Why I love 'Top Gear'

Ranked #5,082 in Cars, #264,376 overall

.....and my cat hates it

'Top Gear' is a show which goes out on the UK BBC2 terrestrial channel. As I write, it is broadcast on a Sunday evening and older series are repeated on the oddly named 'Dave' cable and satellite channel.

It is supposed to be about cars and motoring, but it is also one of the best comedy shows around, due to the antics of the presentation team - Jeremy Clarkson, Richard Hammond and James May and not forgetting the mysterious test driver - the Stig.

Hang around and find out more about it.

When I'm watching TV with my cat Bailey on my lap, he expects me to sit still and be quiet. Noisy and amused responses to the Top Gear programme and presenters are definitely not appreciated.

The presenters also occasionally say horrid things about pussycats which he definitely disapproves of.

(due to copyright issues I won't be able to feature any shots from the show, so I'll just have to content myself with pics of some of the cars I would love to own and one that I DO own)

Pic is a Pagani Zonda - just one of the cars that has been tested on the show. Hit the link and see it on the track.

I apologise to anyone outside the UK where some or all  of the linked-to clips  may not be available. There is a Top Gear YouTube channel featuring some of them here

Brief history of the show

From Nineties to Now

Bugatti VeyronTop Gear originally appeared on TV screens in the 1990's with Clarkson in the lead presenter slot and James May also featured.

In 2001, the BBC threatened to axe the show, Clarkson put forward a new format plan and the show was given a serious makeover. The new-look 2002 series 1 had Jason Dawe and Richard Hammond as co-presenters, then James May returned to replace Dawe at the start of series 2.

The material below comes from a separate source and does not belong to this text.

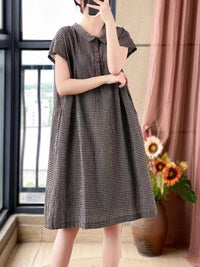 Thumbnail for Plus Size Women Women Casual Summer Lattice Artsy Pleat Loose Dress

The new format also introduced the Stig as a test driver. No-one really knows who the Stig is. The show's WIKI contends that there have been at least two Stigs, plus some celebrities who have 'unmasked' on the show. Unconfirmed rumours abound that one of the Stigs was Lewis Hamilton before he got his first F1 drive. We will probably never know.

The location is, and always has been a little test track in South-East England called Dunsfold.Park. It is also a privately owned aerodrome and the show is based inside an aircraft hangar.

Want to be in the audience? There is reputedly a 21-YEAR waiting list. Put your child's name on it when it's born!

The show format has also been adopted for spin-offs in Australia and the USA.

The Presenters

Clockwise - James May  Richard Hammond Jeremy Clarkson The Stig Jeremy Clarkson is nominally front man for the show, but James May and Richard Hammond take pretty well equal parts, especially when there are cars to be tested.

Jeremy Clarkson is 48 years old, and is married with 3 children. Apart from Top Gear, he is a journalist and writes columns for The Sunday Times and the Sun and has also produced videos showing him driving a number of exotic cars. He is well known for his dislike of petty bureaucracy especially if it involves preventing him from getting to A to B in the shortest possible time. His outspoken verbal style has occasionally got him into trouble!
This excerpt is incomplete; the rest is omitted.